You know two of them well. They have swapped the top spot in the Rolex Women’s World Golf Rankings for more than a year. Jin Young Ko, the current No. 1, had another impressive showing at the U.S. Women’s Open at Pine Needles Lodge and Golf Club, shooting 6 under for the week to finish alone in fourth. That was four shots better than Rolex Rankings No. 2, former No.1 and reigning KPMG Women’s PGA Champion Nelly Korda, who impressed everyone by coming back after a dangerous blood clot that required surgery and a 100-day layoff to finish in a tie for eighth.
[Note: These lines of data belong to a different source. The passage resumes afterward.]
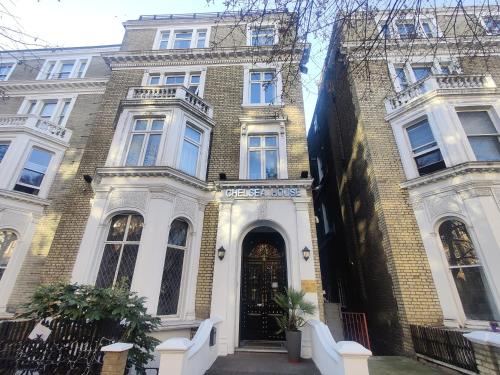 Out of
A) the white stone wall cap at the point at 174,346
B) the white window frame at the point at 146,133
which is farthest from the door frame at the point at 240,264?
the white window frame at the point at 146,133

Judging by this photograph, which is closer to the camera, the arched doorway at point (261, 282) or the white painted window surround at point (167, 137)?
the arched doorway at point (261, 282)

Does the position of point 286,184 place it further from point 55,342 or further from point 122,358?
point 55,342

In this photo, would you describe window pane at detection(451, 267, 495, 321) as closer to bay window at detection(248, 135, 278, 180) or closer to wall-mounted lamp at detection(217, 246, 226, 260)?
bay window at detection(248, 135, 278, 180)

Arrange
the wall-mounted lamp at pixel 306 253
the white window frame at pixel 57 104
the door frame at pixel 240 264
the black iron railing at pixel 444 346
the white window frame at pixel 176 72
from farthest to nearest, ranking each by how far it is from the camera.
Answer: the white window frame at pixel 57 104 → the white window frame at pixel 176 72 → the wall-mounted lamp at pixel 306 253 → the door frame at pixel 240 264 → the black iron railing at pixel 444 346

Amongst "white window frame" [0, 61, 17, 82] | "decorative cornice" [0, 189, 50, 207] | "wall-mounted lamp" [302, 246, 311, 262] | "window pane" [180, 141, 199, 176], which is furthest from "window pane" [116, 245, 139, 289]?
"white window frame" [0, 61, 17, 82]

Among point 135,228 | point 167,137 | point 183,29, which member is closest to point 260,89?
point 167,137

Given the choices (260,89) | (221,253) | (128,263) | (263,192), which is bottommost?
(128,263)

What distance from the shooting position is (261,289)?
918 centimetres

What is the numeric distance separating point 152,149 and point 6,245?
728cm

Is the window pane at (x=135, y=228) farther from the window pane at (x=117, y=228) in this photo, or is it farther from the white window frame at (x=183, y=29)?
the white window frame at (x=183, y=29)

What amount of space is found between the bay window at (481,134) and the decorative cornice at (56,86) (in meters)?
17.9

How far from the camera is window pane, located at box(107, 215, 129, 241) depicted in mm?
8492

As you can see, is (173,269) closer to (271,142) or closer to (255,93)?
(271,142)

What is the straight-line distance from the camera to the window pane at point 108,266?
7.96 m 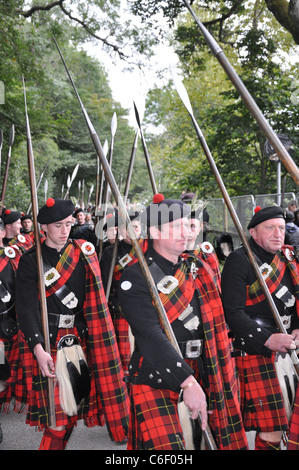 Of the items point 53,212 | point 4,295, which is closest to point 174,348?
point 53,212

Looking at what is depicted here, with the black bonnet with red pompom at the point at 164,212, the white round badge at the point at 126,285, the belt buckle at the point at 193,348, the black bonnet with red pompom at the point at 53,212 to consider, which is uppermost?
the black bonnet with red pompom at the point at 53,212

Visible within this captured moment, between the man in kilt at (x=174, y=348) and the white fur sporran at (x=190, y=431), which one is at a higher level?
the man in kilt at (x=174, y=348)

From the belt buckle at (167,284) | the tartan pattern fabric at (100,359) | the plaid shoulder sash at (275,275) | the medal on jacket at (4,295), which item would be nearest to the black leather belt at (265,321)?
the plaid shoulder sash at (275,275)

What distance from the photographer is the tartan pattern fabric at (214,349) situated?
2734 millimetres

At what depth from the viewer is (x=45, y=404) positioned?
10.7ft

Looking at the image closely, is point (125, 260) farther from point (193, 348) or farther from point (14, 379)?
point (193, 348)

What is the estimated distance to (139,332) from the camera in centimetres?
247

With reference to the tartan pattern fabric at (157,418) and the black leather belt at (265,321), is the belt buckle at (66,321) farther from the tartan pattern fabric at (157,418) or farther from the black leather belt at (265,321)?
the black leather belt at (265,321)

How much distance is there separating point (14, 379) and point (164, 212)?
2610 mm

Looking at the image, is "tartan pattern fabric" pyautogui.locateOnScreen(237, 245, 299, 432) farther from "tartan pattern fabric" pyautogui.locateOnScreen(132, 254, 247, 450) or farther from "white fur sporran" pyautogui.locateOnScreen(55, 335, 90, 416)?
"white fur sporran" pyautogui.locateOnScreen(55, 335, 90, 416)

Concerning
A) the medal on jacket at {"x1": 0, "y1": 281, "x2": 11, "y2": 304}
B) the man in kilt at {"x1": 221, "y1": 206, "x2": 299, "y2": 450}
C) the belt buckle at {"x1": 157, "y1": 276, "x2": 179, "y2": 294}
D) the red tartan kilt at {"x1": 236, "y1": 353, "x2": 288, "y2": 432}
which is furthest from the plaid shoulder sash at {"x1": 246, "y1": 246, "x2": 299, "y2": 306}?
the medal on jacket at {"x1": 0, "y1": 281, "x2": 11, "y2": 304}

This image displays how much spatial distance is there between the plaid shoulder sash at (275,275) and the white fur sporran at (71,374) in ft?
3.98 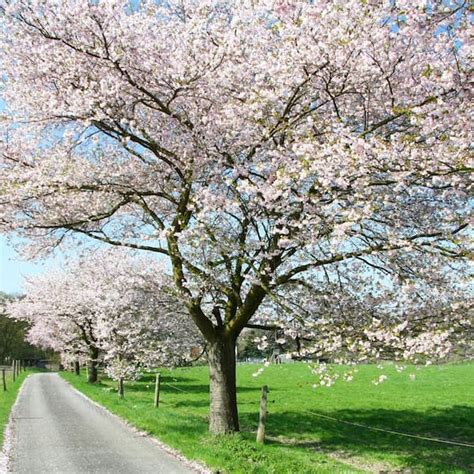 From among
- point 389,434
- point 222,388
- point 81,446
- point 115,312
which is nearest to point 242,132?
point 222,388

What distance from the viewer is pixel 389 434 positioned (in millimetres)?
16984

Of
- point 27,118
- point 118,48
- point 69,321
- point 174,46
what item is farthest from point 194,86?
point 69,321

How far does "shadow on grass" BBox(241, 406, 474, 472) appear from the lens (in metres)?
13.8

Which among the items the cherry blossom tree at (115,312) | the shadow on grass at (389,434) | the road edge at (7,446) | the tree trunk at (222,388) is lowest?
the shadow on grass at (389,434)

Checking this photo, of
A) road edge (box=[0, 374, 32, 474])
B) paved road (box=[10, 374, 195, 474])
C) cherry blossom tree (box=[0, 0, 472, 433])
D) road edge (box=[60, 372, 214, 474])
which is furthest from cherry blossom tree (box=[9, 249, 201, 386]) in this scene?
road edge (box=[0, 374, 32, 474])

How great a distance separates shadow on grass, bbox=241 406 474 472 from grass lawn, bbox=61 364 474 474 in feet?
0.08

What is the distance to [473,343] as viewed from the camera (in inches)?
452

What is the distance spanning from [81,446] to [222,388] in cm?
404

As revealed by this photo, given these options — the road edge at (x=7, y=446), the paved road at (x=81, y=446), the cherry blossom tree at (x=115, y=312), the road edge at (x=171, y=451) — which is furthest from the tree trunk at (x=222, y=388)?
the road edge at (x=7, y=446)

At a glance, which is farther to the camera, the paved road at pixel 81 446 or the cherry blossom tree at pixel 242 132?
the paved road at pixel 81 446

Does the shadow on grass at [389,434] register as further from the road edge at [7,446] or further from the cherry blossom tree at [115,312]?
the road edge at [7,446]

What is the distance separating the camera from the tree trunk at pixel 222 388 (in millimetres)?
14922

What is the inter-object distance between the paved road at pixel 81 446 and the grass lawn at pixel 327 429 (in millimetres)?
691

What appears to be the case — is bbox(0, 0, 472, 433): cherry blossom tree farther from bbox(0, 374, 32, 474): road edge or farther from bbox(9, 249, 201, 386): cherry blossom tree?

Ko vs. Korda – Korda vs. Ko. Precision and conservatism vs. dynamism and flair. If there was nothing else in our game, those two would be enough to keep fans glued to women’s golf.
But there is so much more.
As of Monday morning, we are projected to have a new No.3 in the world. Minjee Lee, who lit up Pine Needles like a brushfire, announced her presence at the rivalry table, winning the U.S. Women’s Open by five shots with a ball-striking display that had everyone in the game sitting up and taking notice.
Lee now holds two of the five major championship trophies in women’s golf, having won the 2021 Amundi Evian Championship with a seven-shot Sunday comeback and a birdie on the first playoff hole. This time, she cruised to victory. Entering the final round with a three-shot lead, Lee extended it to five with two straight birdies to open her round. Then she put it on cruise control. No one got closer than four back and Lee was able to walk up 18 with a five-shot cushion. A three-putt on 18 proved meaningless as the hottest player in the women’s game announced her arrival.
“This is the one I’ve always wanted to win since I was a little kid, so it just feels pretty amazing to be able to get it done today,” Lee said as she stared and smiled at the Semple trophy. “I just can’t believe it.”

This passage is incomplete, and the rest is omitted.